Businesses Still Will Be Subject to Restrictions of Large Groups, a Face Mask Mandate and DSHS Minimum Health Protocols
Although businesses will be allowed to operate at increased capacities, they still will be subject to certain restrictions of large groups. Specifically, Executive Order 30 prohibits both indoor and outdoor gatherings of groups larger than 10 people, except for those that are approved by the mayor or country judge. Restaurants are still prohibited from seating tables of more than 10 people and must also continue to maintain social distancing between tables and groups both indoors and outdoors.
The order also makes clear that Executive Order GA-29, which requires all Texans to wear a face covering in public spaces, is still in effect. Therefore, businesses must still require all employees and customers to wear face coverings whenever social distancing is not feasible, except when customers are seated in a restaurant to eat or drink.
Under the order, all businesses operating at the new expanded occupancy levels are still required to use good-faith efforts and available resources to follow the applicable Texas Department of State Health Services (DSHS) minimum health protocols to the extent possible.

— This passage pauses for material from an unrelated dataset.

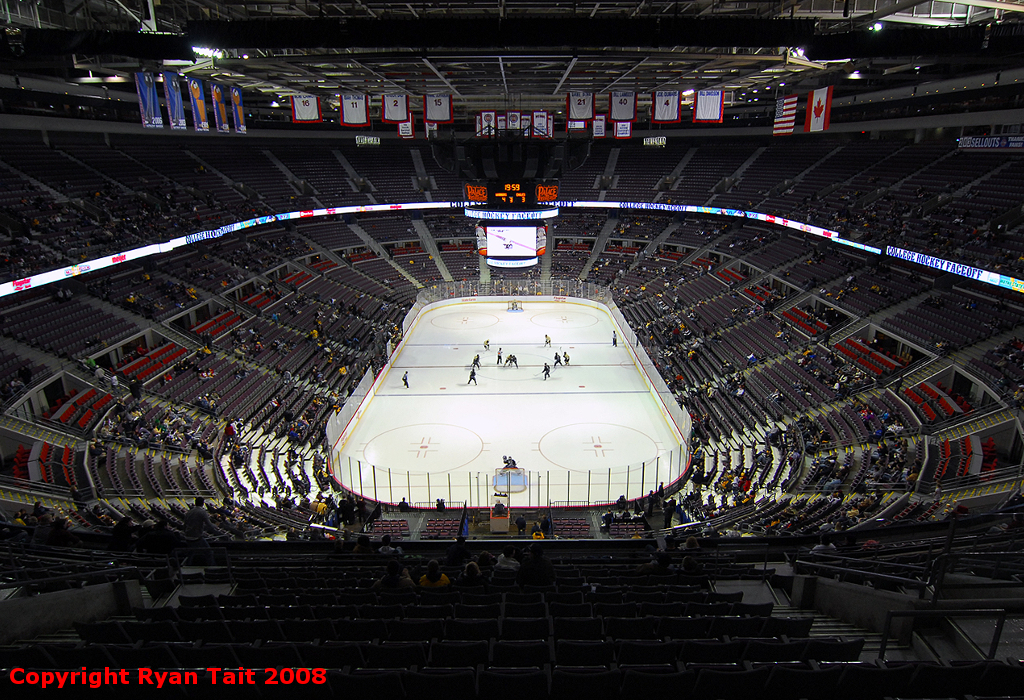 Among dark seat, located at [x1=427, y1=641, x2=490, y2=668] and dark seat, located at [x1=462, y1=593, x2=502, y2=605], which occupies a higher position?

In conjunction with the news of the expanded capacity limits, the DSHS issued new minimum health protocols for all employers as well as specific minimum health protocols for office-based employers, retailers, manufacturers, gym and exercise facilities, restaurants, movie theaters, museums and libraries, video game facilities, zoos, aquariums, and amusement park operators. While each of these protocols includes industry-specific guidance, they all recommend that businesses adopt the following protocols to help protect the health and safety of their employees, contractors and customers:
- Continue to encourage employees to work remotely where possible.
- Train all employees on appropriate cleaning, disinfection, hand hygiene and respiratory etiquette.

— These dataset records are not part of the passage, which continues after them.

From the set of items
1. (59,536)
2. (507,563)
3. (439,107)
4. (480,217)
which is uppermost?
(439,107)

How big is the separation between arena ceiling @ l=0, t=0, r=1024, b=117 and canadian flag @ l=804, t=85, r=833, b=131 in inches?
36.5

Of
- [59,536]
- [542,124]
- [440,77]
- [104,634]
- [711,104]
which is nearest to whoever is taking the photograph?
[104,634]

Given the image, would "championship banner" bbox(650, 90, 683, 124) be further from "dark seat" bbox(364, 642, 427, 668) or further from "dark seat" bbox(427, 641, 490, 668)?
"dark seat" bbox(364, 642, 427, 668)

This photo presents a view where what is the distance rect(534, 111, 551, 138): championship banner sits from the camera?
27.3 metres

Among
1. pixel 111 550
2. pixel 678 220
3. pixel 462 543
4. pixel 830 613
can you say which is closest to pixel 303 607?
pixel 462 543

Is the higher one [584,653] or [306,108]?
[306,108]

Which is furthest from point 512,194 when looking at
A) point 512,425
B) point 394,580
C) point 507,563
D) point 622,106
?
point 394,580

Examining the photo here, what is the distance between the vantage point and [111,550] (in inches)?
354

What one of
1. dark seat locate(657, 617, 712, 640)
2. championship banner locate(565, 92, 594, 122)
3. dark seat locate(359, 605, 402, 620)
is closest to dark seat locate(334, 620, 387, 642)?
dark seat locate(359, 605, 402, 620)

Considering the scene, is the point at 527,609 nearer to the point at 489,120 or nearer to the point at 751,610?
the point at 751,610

- Before they come into the business, screen employees and contractors for symptoms of COVID-19 and send home any employee or contractor with new or worsening symptoms.
- Prohibit employees or contractors with known close contact with a person who is confirmed to have COVID-19 to return to work until the end of a 14-day self-quarantine period measured from the last date of exposure.

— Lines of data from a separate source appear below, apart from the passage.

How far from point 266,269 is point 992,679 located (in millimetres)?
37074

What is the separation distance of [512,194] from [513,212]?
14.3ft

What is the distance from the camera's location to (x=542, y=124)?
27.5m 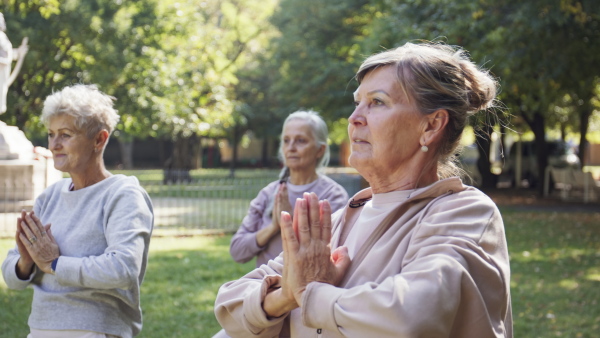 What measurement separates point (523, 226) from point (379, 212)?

- Conduct temperature checks on employees and contractors where feasible.
- Require employees and contractors to wash or sanitize their hands upon entering the business, and make hand sanitizer, disinfecting wipes, soap and water readily available to employees, contractors and customers.
- Have employees maintain at least 6 feet of social distancing between each other to the extent possible, or install dividers or other engineered controls between employees.
- Stagger start and end times and break schedules to minimize close interaction between employees.
- Regularly and frequently clean and disinfect regularly touched surfaces.
- Disinfect items that come into contact with customers.
- Clean and sanitize the facility on a daily basis.
- Place visible signage around the business reminding employees and customers of best hygiene practices.
Under the order, businesses may implement additional hygiene measures and procedures and are not precluded from requiring customers to follow additional hygiene measures in order to obtain services.
Restrictions Are Loosened on Nursing Homes and Assisted Living Facilities as Well as on Elective Medical Procedures
In addition to reopening businesses throughout the state, effective Thursday, Sept. 24, nursing homes, long-term care facilities and assisted-living facilities also can return to normal visitation as long as there is no COVID-19 outbreak and certain health protocols are followed. In addition, the governor has announced that hospitals may resume elective medical procedures.